▶ Task statement:
From the data underneath, reproduce exactly the stretch that begins at the line with "Single Serve Drip" and ends after the line with "Felicity Draped Sequin Gown".

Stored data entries
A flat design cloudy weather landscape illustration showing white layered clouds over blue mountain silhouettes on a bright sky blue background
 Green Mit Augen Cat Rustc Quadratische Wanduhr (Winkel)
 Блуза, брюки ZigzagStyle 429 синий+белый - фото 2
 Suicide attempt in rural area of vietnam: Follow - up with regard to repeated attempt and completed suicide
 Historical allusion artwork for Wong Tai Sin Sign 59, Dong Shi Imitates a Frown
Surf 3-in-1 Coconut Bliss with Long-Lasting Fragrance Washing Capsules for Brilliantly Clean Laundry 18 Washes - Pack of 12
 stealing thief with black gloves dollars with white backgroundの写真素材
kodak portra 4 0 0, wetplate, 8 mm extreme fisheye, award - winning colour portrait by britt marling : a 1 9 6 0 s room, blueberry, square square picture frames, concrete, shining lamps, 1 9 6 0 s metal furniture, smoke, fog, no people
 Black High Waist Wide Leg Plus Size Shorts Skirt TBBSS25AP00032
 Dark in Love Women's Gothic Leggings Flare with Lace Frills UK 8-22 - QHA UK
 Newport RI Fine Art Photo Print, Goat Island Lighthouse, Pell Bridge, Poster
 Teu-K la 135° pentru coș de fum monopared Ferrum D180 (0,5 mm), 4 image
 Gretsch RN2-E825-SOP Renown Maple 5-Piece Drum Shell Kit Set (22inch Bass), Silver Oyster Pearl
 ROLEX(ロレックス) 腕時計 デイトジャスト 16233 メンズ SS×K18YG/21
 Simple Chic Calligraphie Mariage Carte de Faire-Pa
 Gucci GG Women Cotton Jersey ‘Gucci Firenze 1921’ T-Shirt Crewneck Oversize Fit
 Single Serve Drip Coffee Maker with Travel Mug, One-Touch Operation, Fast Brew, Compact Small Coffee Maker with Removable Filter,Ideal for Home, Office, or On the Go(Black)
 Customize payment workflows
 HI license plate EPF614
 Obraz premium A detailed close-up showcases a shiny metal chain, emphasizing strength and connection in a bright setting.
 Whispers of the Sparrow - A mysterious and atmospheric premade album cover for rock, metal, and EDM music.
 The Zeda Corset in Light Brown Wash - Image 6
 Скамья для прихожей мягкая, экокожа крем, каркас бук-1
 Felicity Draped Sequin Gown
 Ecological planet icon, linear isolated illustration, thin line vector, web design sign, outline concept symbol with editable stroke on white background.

▶ Solution to this exercise:
 Single Serve Drip Coffee Maker with Travel Mug, One-Touch Operation, Fast Brew, Compact Small Coffee Maker with Removable Filter,Ideal for Home, Office, or On the Go(Black)
 Customize payment workflows
 HI license plate EPF614
 Obraz premium A detailed close-up showcases a shiny metal chain, emphasizing strength and connection in a bright setting.
 Whispers of the Sparrow - A mysterious and atmospheric premade album cover for rock, metal, and EDM music.
 The Zeda Corset in Light Brown Wash - Image 6
 Скамья для прихожей мягкая, экокожа крем, каркас бук-1
 Felicity Draped Sequin Gown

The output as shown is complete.